Government can do that.
In England I was toured by and interviewed Adrian Tomlinson, the Queens herdsman at Windsor Castle, who brought raw milk every morning to nearby Eton for princes William and Harry to legally drink when they were there as students.
Then I came home to watch Michael Schmidt be criminally charged for raw milk. Officially, by the Queen.
In order to jail Schmidt on something else, in the Queens name, CFIA have bumbled through Ontario and Quebec in Inspector Clouseau-style since the spring of 2012, hiring inspectors who dont know the difference between an Allis Chalmers and an Ayrshire.
Let alone a Shropshire versus a Texel.
However, their obvious ignorance has never been a reason to temper their bluster. Which, for someone not used to it, or predisposed to fear, can be intimidating.
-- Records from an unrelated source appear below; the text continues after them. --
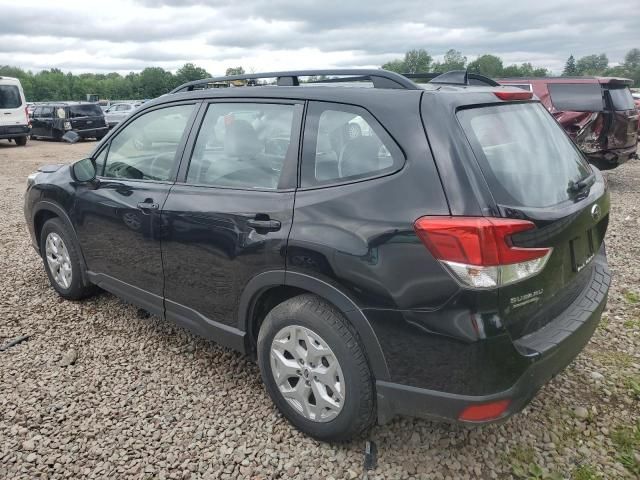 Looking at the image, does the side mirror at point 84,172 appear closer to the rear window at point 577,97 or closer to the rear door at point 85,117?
the rear window at point 577,97

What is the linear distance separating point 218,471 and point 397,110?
1.85 metres

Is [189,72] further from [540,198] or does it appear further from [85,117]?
[540,198]

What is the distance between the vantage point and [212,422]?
2.75m

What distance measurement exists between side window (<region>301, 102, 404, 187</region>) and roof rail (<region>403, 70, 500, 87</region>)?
26.0 inches

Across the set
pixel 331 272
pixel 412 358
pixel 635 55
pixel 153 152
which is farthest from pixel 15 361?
pixel 635 55

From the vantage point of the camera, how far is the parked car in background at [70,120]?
1997 centimetres

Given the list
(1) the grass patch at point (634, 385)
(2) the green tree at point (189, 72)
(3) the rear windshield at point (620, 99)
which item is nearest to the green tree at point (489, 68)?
(3) the rear windshield at point (620, 99)

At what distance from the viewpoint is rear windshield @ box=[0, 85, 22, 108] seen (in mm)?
16844

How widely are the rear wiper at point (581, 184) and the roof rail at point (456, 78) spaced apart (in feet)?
2.31

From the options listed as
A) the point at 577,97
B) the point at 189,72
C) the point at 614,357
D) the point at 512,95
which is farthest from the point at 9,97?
the point at 189,72

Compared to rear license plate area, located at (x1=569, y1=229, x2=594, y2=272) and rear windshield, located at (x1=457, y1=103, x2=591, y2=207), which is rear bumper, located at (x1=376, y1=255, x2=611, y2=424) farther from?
rear windshield, located at (x1=457, y1=103, x2=591, y2=207)

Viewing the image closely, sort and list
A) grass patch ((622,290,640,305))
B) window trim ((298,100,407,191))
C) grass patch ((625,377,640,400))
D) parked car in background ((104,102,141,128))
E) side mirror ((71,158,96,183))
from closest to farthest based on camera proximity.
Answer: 1. window trim ((298,100,407,191))
2. grass patch ((625,377,640,400))
3. side mirror ((71,158,96,183))
4. grass patch ((622,290,640,305))
5. parked car in background ((104,102,141,128))

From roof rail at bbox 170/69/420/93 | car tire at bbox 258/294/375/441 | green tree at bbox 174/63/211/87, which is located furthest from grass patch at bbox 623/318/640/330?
green tree at bbox 174/63/211/87

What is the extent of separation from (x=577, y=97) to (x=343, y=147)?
7.63 m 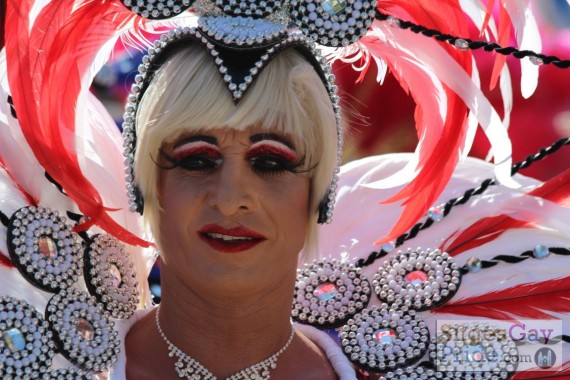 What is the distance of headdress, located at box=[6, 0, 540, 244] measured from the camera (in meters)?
2.94

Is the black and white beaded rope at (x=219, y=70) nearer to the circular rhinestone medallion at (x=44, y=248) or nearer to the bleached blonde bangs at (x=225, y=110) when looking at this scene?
the bleached blonde bangs at (x=225, y=110)

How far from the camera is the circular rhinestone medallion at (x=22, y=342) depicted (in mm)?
2754

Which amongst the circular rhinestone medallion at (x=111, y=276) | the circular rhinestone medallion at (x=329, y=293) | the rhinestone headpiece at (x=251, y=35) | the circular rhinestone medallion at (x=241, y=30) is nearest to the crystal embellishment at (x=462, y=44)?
the rhinestone headpiece at (x=251, y=35)

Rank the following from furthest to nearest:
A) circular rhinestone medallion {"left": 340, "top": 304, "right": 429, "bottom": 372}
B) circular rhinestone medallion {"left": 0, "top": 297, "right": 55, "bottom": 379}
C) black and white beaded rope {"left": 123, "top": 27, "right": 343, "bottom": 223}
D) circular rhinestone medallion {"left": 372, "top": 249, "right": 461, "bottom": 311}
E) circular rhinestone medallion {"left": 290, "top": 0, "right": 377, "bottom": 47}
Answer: circular rhinestone medallion {"left": 372, "top": 249, "right": 461, "bottom": 311} → circular rhinestone medallion {"left": 340, "top": 304, "right": 429, "bottom": 372} → circular rhinestone medallion {"left": 290, "top": 0, "right": 377, "bottom": 47} → black and white beaded rope {"left": 123, "top": 27, "right": 343, "bottom": 223} → circular rhinestone medallion {"left": 0, "top": 297, "right": 55, "bottom": 379}

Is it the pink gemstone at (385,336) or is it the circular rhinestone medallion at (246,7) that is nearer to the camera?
the circular rhinestone medallion at (246,7)

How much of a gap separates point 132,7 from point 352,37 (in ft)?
1.99

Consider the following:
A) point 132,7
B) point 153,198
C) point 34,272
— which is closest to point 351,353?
point 153,198

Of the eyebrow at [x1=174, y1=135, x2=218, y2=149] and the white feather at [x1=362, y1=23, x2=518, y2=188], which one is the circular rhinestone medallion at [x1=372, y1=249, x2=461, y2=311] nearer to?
the white feather at [x1=362, y1=23, x2=518, y2=188]

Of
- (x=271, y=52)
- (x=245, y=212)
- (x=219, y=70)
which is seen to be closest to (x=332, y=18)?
(x=271, y=52)

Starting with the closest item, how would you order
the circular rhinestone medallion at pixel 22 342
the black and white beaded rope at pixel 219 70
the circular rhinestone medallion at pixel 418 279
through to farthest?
the circular rhinestone medallion at pixel 22 342 → the black and white beaded rope at pixel 219 70 → the circular rhinestone medallion at pixel 418 279

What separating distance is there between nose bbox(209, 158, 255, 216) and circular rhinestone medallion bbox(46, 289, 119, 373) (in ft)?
1.61

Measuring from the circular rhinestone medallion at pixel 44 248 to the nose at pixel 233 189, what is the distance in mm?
481

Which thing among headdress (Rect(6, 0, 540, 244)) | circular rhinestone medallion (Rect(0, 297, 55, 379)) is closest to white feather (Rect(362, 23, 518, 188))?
headdress (Rect(6, 0, 540, 244))

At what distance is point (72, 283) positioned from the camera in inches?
118
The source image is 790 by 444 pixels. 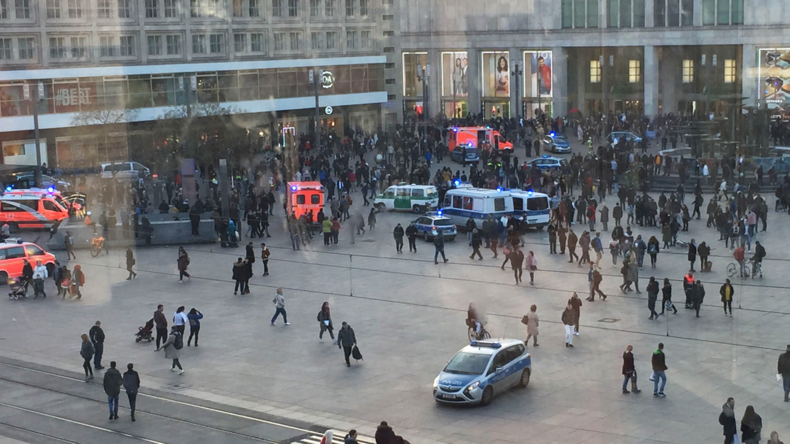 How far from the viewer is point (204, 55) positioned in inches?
2908

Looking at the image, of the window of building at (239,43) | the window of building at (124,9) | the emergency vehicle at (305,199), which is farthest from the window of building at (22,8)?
the emergency vehicle at (305,199)

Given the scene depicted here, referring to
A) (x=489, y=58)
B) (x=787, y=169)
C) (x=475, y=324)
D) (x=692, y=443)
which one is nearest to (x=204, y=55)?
(x=489, y=58)

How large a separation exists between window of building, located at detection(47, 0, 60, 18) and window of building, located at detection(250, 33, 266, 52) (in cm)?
1186

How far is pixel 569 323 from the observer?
1092 inches

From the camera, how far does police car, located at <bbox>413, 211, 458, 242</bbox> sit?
4222 centimetres

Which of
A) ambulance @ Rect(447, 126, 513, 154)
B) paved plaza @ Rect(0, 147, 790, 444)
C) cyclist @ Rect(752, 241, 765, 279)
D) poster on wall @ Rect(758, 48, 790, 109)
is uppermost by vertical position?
poster on wall @ Rect(758, 48, 790, 109)

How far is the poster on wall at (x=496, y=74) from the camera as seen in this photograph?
281 ft

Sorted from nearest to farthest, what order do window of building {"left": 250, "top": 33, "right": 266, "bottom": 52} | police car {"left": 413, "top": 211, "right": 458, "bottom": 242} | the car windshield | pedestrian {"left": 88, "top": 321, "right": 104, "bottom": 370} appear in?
1. the car windshield
2. pedestrian {"left": 88, "top": 321, "right": 104, "bottom": 370}
3. police car {"left": 413, "top": 211, "right": 458, "bottom": 242}
4. window of building {"left": 250, "top": 33, "right": 266, "bottom": 52}

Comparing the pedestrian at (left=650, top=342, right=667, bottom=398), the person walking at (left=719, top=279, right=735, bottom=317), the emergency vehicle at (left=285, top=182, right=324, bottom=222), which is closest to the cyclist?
the person walking at (left=719, top=279, right=735, bottom=317)

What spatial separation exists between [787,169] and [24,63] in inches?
1511

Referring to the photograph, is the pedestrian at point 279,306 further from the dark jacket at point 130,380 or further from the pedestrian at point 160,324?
the dark jacket at point 130,380

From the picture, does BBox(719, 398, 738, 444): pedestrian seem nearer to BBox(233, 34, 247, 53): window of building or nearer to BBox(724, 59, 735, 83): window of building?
BBox(233, 34, 247, 53): window of building

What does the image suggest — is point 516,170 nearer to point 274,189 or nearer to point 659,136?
point 274,189

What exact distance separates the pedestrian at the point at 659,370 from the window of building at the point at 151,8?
52.9 meters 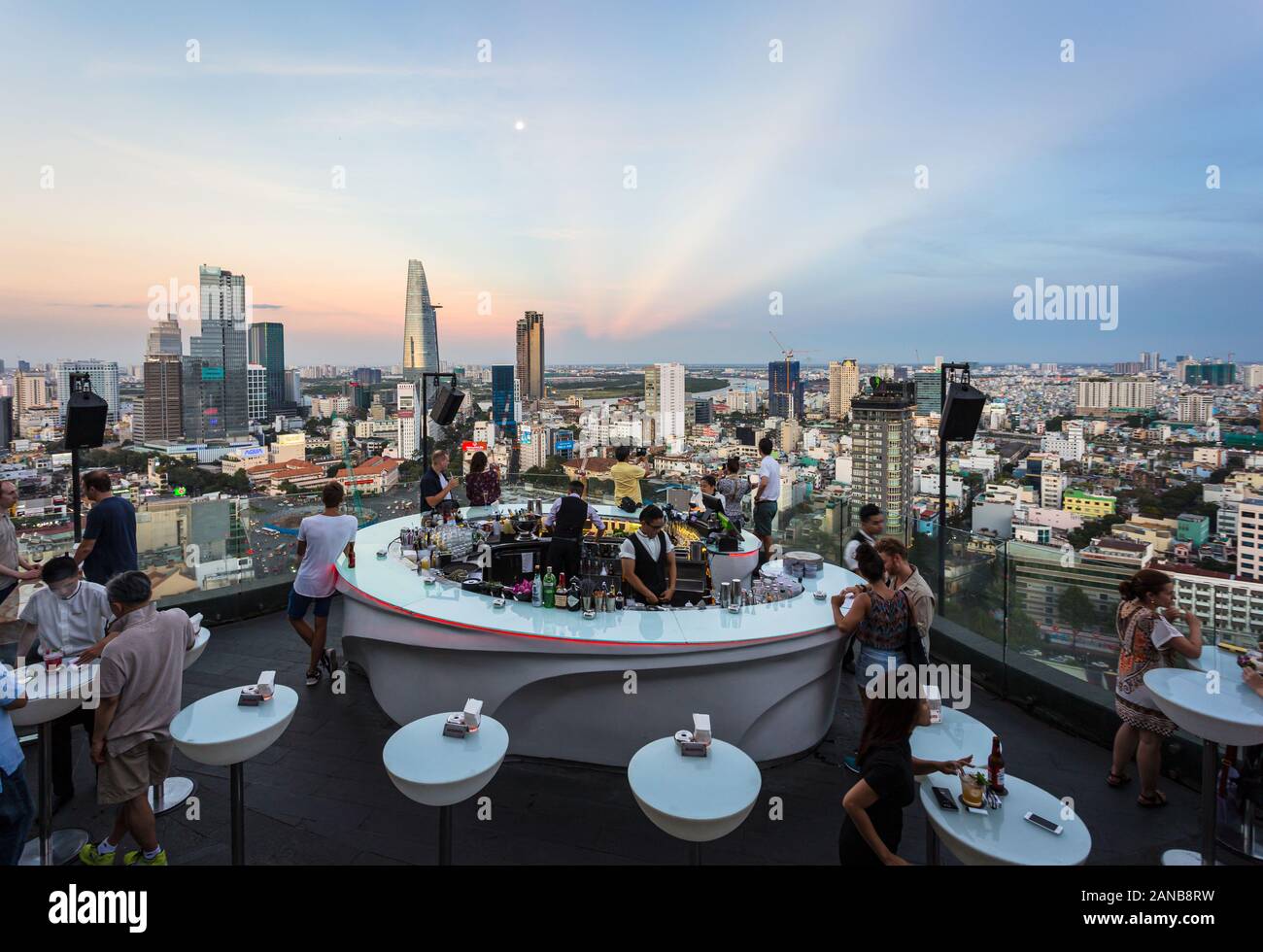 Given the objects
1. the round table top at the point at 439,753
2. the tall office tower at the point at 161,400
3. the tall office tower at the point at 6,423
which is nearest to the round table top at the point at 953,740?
the round table top at the point at 439,753

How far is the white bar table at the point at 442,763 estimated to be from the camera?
2.20 metres

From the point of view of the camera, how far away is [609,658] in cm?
326

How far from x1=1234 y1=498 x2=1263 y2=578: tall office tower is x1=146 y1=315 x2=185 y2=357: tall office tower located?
48.7ft

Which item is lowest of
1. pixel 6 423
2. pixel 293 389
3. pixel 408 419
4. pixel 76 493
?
pixel 76 493

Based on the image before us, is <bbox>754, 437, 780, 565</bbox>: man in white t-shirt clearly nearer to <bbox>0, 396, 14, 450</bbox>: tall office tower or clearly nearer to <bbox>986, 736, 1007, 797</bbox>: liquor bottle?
<bbox>986, 736, 1007, 797</bbox>: liquor bottle

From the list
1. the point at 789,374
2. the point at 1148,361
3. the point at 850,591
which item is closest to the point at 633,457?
the point at 850,591

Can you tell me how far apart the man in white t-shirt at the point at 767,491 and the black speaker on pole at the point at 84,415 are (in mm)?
6231

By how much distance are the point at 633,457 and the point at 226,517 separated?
4645mm

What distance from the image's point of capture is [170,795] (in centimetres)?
Result: 329

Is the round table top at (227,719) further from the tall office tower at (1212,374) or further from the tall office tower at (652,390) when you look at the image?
the tall office tower at (1212,374)

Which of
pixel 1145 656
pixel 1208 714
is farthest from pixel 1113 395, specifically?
pixel 1208 714

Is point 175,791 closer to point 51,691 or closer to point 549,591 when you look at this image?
point 51,691

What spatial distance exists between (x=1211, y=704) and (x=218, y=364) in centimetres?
1427

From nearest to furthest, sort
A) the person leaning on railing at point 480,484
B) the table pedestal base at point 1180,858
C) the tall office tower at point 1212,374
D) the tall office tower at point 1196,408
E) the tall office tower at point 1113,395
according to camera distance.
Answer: the table pedestal base at point 1180,858, the person leaning on railing at point 480,484, the tall office tower at point 1196,408, the tall office tower at point 1212,374, the tall office tower at point 1113,395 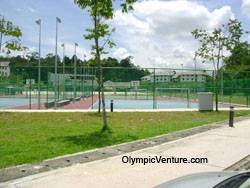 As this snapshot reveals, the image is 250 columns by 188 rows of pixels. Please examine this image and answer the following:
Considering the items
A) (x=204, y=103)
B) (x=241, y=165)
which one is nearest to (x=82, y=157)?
(x=241, y=165)

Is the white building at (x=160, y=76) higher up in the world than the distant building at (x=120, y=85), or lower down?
higher up

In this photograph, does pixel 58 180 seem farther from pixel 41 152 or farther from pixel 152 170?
pixel 41 152

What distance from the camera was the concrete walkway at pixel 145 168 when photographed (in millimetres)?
6070

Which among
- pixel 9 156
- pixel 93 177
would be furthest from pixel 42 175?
pixel 9 156

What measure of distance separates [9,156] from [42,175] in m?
1.78

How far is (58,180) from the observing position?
6156mm

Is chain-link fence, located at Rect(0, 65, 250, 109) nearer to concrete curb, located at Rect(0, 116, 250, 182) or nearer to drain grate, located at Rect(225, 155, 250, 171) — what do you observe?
concrete curb, located at Rect(0, 116, 250, 182)

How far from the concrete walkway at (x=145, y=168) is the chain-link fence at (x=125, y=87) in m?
17.6

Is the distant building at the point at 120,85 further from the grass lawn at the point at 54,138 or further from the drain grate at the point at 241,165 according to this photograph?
the drain grate at the point at 241,165

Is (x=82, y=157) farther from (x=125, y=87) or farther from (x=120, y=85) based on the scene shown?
(x=125, y=87)

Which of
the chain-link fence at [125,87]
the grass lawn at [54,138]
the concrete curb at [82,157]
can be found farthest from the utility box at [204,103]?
the concrete curb at [82,157]

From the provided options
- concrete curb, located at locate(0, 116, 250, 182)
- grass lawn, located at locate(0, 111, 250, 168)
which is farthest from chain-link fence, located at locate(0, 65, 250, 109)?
concrete curb, located at locate(0, 116, 250, 182)

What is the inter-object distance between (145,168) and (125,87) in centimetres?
3315

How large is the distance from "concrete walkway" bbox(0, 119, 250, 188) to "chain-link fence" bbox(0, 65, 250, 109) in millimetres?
17622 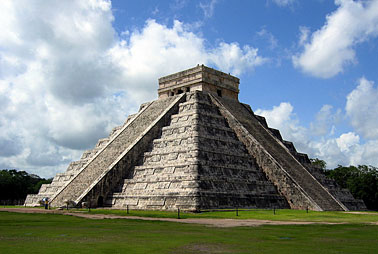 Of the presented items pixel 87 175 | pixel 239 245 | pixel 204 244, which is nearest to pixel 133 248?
pixel 204 244

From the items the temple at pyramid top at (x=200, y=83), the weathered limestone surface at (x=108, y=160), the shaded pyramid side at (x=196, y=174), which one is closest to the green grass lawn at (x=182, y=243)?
the shaded pyramid side at (x=196, y=174)

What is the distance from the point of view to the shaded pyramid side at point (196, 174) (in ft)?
76.1

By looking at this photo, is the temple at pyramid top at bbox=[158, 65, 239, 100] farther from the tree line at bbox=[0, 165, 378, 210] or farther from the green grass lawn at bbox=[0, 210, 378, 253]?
the green grass lawn at bbox=[0, 210, 378, 253]

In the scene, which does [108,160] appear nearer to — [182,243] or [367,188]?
[182,243]

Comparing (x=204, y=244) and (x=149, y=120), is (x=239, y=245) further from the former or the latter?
(x=149, y=120)

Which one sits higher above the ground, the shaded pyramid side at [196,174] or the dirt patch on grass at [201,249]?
the shaded pyramid side at [196,174]

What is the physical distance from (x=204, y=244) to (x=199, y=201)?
12.9m

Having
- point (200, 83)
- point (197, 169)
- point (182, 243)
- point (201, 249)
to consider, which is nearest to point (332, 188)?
point (197, 169)

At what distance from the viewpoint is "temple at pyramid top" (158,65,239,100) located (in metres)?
34.6

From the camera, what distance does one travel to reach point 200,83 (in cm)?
3441

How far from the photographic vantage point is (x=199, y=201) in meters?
22.0

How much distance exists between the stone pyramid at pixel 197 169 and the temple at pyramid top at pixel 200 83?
24cm

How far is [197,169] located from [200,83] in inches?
490

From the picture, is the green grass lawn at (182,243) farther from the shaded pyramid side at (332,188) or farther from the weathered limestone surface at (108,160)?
the shaded pyramid side at (332,188) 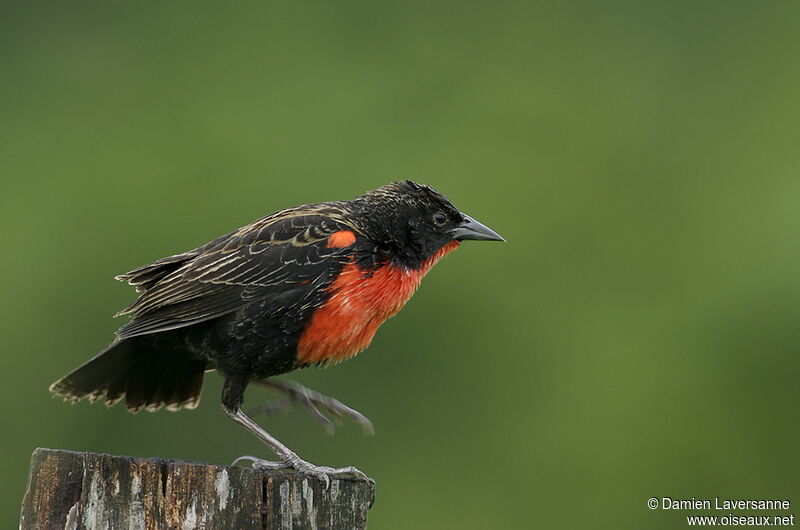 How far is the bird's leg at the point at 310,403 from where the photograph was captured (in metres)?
6.99

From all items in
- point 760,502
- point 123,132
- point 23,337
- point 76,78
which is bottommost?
point 760,502

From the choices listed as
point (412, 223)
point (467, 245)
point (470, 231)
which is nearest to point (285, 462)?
point (412, 223)

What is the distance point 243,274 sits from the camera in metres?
6.41

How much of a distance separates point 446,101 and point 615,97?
2378 millimetres

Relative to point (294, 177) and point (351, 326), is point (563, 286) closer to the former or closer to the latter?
point (294, 177)

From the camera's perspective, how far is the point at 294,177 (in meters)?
13.2

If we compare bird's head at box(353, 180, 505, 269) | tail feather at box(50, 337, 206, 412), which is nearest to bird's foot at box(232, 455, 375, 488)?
tail feather at box(50, 337, 206, 412)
In a completely unrelated CFIA case which I wrote about a couple of years ago cattle trucker Alvin Boyce was caught at the border with some dairy cattle vaccine, legal in the U.S. but not here. It came out in an interview with an OMAFRA vet that if the smuggler farmer had filled out some forms for his own use as many producers do the Johnes vaccine would have come in legally.
Alvin was harassed, threatened with criminal charges and, after ongoing interrogations by a tough CFIA inspector, Alvin dropped dead of a heart attack.
When I phoned the inspector, as a reporter regarding Alvins case, he threatened to visit and interrogate me regarding my source for several semen smuggling articles I had written. I told him to get stuffed.
A government too thick to legalize a proven Johnes vaccine Johnes is considered a problem is one thing. A government agent treating a cattle trucker with undeclared dairy vaccine, like a cocaine smuggling Columbian gangster, symbolizes pig-headed stupidity.
Remember when Johnes became a dairy focus here in Canada and producers were told that the new elisa test was 100 per cent reliable with “no false positives?”
About six years ago, I wrote about CFIA allowing heifers to go to Russia, that had been in a Canadian-based group where some failed the elisa test for brucellosis. Herds here were quarantined. Yet CFIA officials assured me on the record that those that failed the elisa test were “false positives.”
When were they telling the truth? Perhaps CFIA doesnt know. Because saving face has nothing to do with the truth.
Can they answer who were the CFIA inspectors at the Maple Leaf facility, when 23 people later died from consuming its bad meat?
Ian Cumming is a former Glengarry County dairy farmer and now farms with his son in northern New York state.